[DATA SEGMENT]:
□ □ □ □
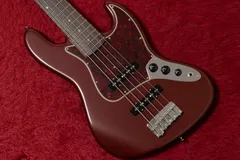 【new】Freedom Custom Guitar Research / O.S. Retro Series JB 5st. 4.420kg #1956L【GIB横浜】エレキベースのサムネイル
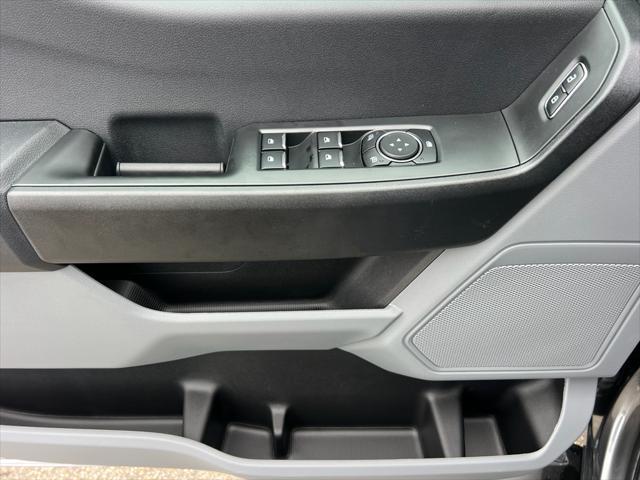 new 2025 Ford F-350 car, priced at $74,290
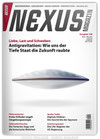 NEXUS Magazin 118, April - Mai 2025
□ □ □ □
[WHAT IS REQUIRED]: Skipping the pictures, transcribe each line above exactly as it appears.

[RESPONSE TO THIS EXERCISE]:
 【new】Freedom Custom Guitar Research / O.S. Retro Series JB 5st. 4.420kg #1956L【GIB横浜】エレキベースのサムネイル
 new 2025 Ford F-350 car, priced at $74,290
 NEXUS Magazin 118, April - Mai 2025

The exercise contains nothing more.